In the case of Lackey and Mae  FMCAfam 284, a children’s matter heard in the Federal Magistrates Court of Australia, the father posted numerous posts on Facebook criticising the mother and disparaging the role and effectiveness of the Independent Children’s Lawyer, the Federal Magistrate and the Court.
In his judgment, Neville FM stated,
‘An unfortunate and increasing feature of modern litigation, particularly but not exclusively in family law, is the use of ‘social media’. While it can be used for good, often it is used as a weapon, either by one or both of the parties, and or by their respective supporters.’

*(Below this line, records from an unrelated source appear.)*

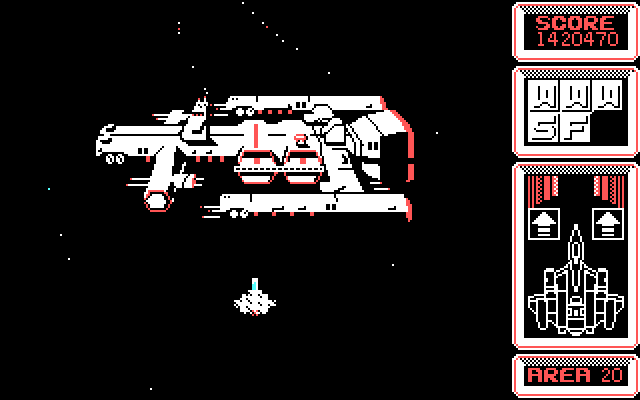 Silpheed IBM PC/Compatibles Screenshot: Arriving at Area 20...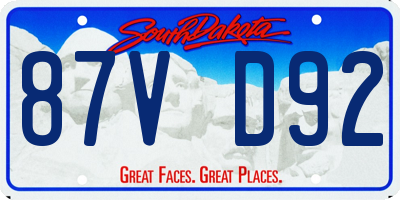 SD license plate 87VD92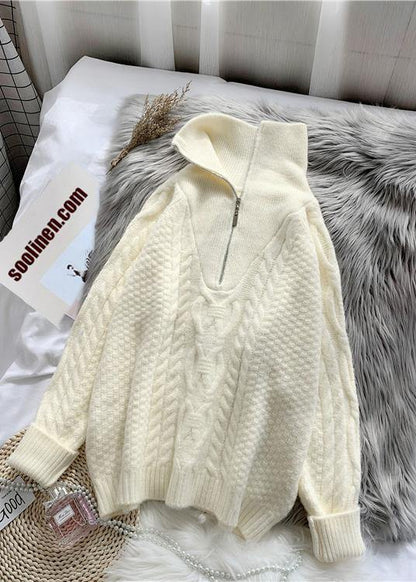 Comfy Light Green Knitted Blouse High Neck Zippered Knit Tops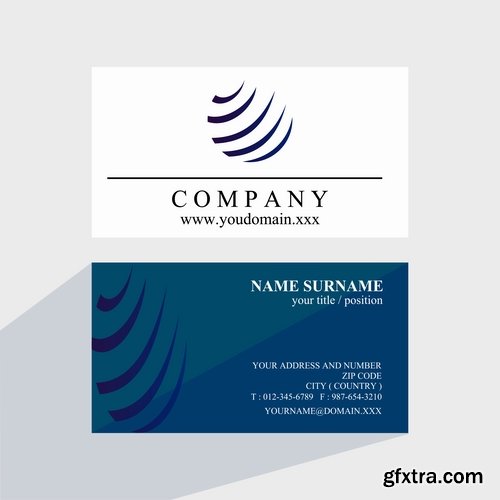 Business card with logo company visiting card invitation flyer 2-20 EPS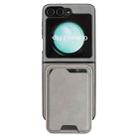 For Samsung Galaxy Z Flip6 Kalebol Slim MagSafe Ring Magnetic Card Bag Side Sticker Leather Phone Case(Gray) - 2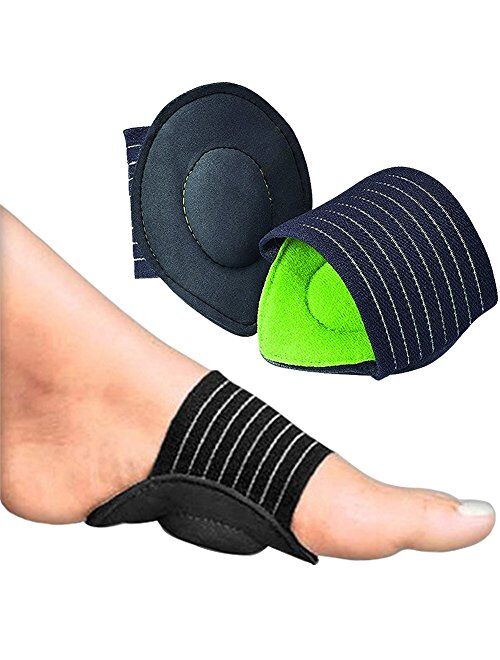 Ailaka 2 Pair Compression Cushioned Arch Support Brace, Plantar Fasciitis Sleeves for Pain Relief & Sore, Flat Feet, Heel Spurs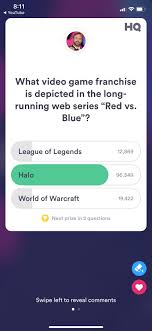 Hq, a mobile trivia game app that's skyrocketed to success,. Red Vs Blue Got A Shout Out On The Hq Trivia Game Tonight R Roosterteeth
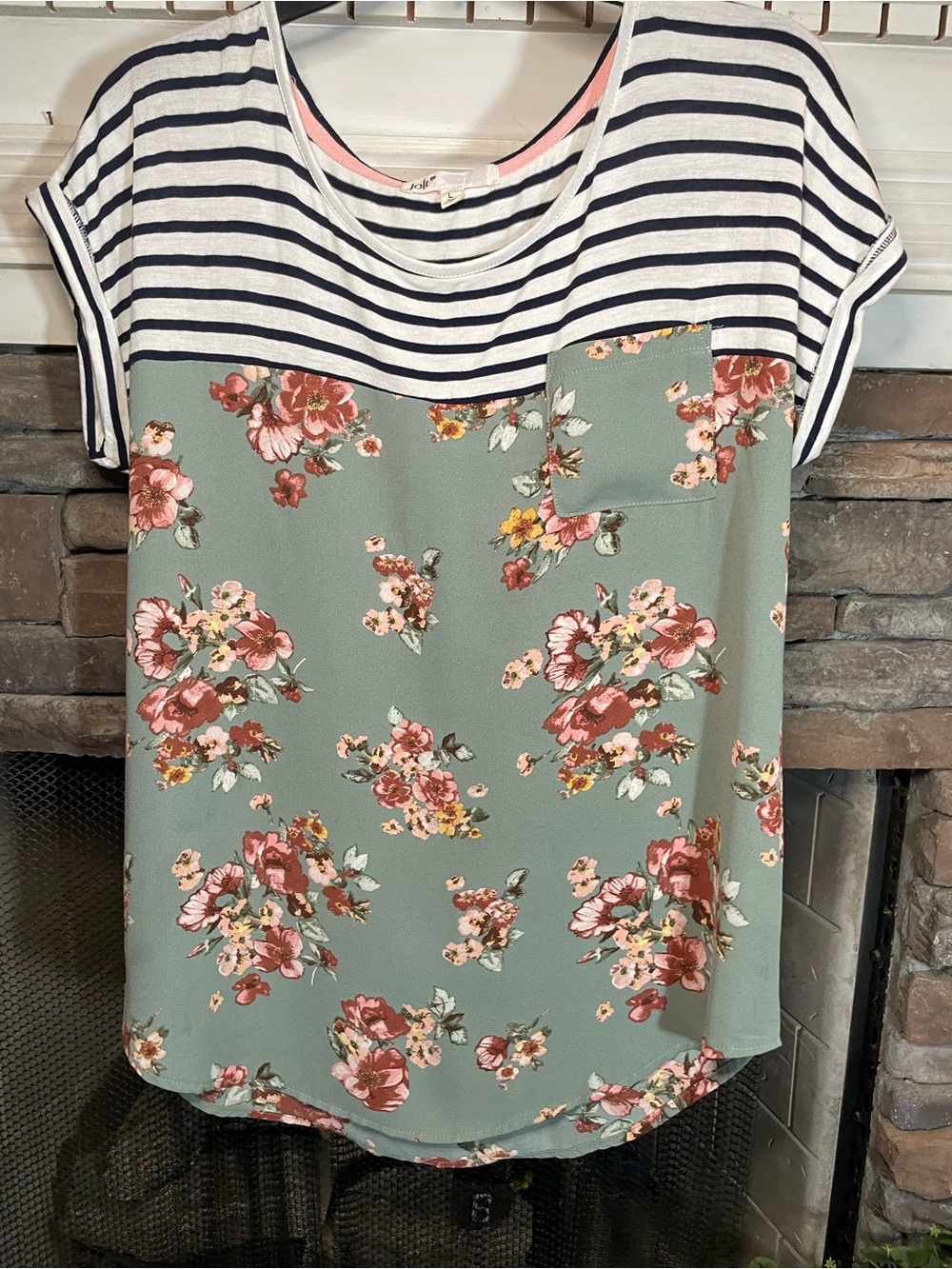 Jolt Navy & White Striped Top with Sage Green Floral Panel and Pink Trim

The Magistrate found that the Father had breached section 121 of the Family Law Act 1975 and ordered that the father remove from Facebook all references to the proceedings and restrained him from publishing further material relating to the proceedings. A further Order was made that the Marshal of the Court periodically monitor social media (Facebook in particular) for any postings by the father or his family that referred to the proceedings.
If you are currently in the midst of family law proceedings, it is important to be aware of the implications of section 21 of the Family Law Act. Publishing any account of proceedings that identifies a party is not only a punishable offence, but it could also negatively affect the proceedings, particularly in parenting matters.